# Game Theory 2x2 Static Game: Finding the Pure Strategy and Mixed Strategy Nash Equilibria with Weakly Dominant Strategies

Payoff Matrix

I was trying to solve the payoff matrix above for the pure strategy and the mixed strategy Nash equilibria. It seems that both players have a weakly dominant strategy, by choosing U, player 1 would be indifferent or better off compared to choosing D, and while choosing R, player 2 would be indifferent or better off compared to choosing L. This brings me to the pure strategy Nash equilibrium UR or RU, with the payoff 1,1.

However, I'm mainly concerned with the result of the mixed strategy Nash equilibrium. When I derived the probabilities of player 1 choosing U (p), and player 2 choosing L (q), I got probabilities p=0 and q=1.

Does this imply that LD is a pure strategy Nash equilibrium or a mixed strategy Nash equilibrium? Also, why would player 1 and player 2 both opt for their weakly dominated strategies instead of their weakly dominant strategies?

I think the solution shows UR is the only Nash Equilibrium. Using the convention that payoffs are (row player, column player) the mixed payoff for Row is $$p[q*1+(1-q)*1]+(1-p)[q*1-(1-q)*1]$$ $$p+2q-1-2pq+p=(2-2q)p+2q-1.$$ Taking the derivative with respect to $$p$$, we get $$2-2q.$$ Now $$q\leq 1$$ so the derivative is positive except when $$q=1$$. So Row chooses Up with probability one.

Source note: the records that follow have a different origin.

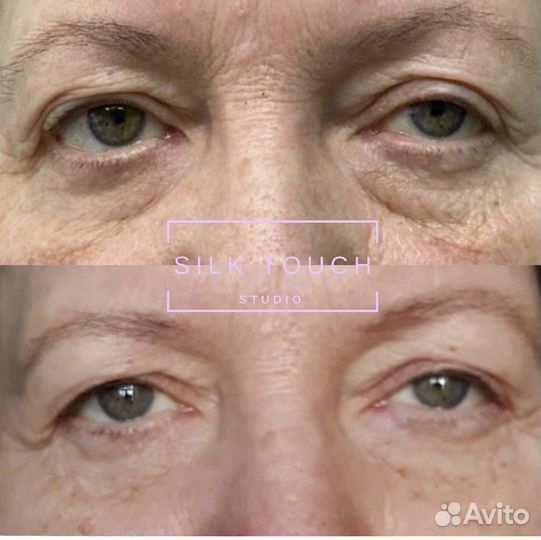 Обучение холодная плазма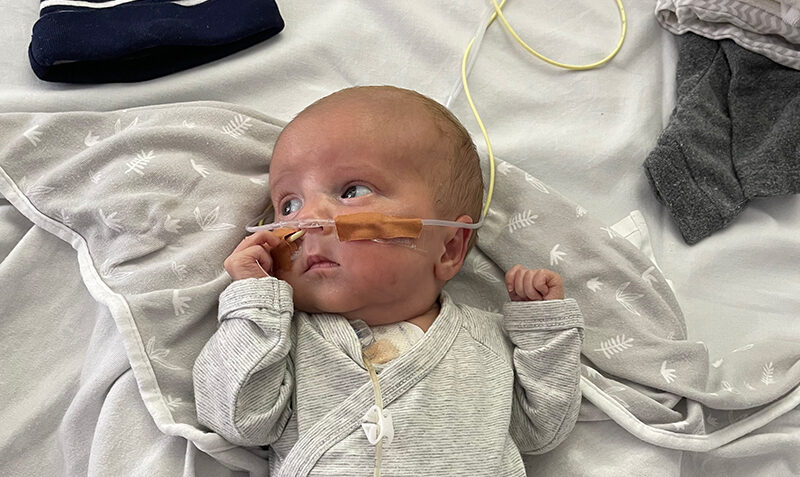 Freddie as a baby wearing a nasal gastric tube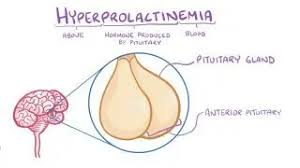 Image result for Hyperprolactinemia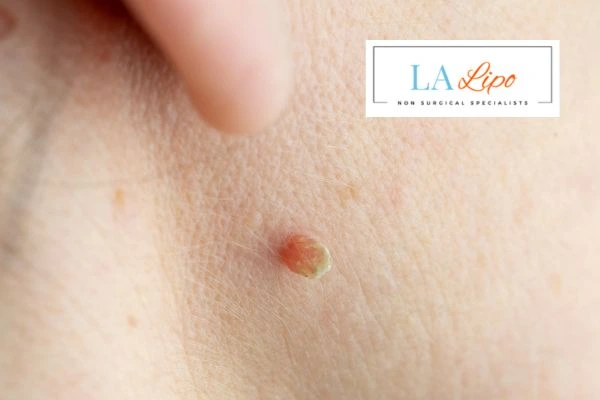 Book skin tag removal Chessington today speak to our team now!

For Column, a similar calculation shows $$q[-p+(1-p)]+(1-q)[p+1-p]=1-2pq$$ Taking the derivative with respect to $$q$$, we get $$-2p$$ and that is maximized at zero, so Column plays L with probability zero, that is plays Right with probability one. And UR is the weakly dominant strategy as you point out. One final pedantic note: if $$q=1$$, Row is indifferent, but Column won't be choosing that if $$p$$ isn't 1, so it's not an equilibrium.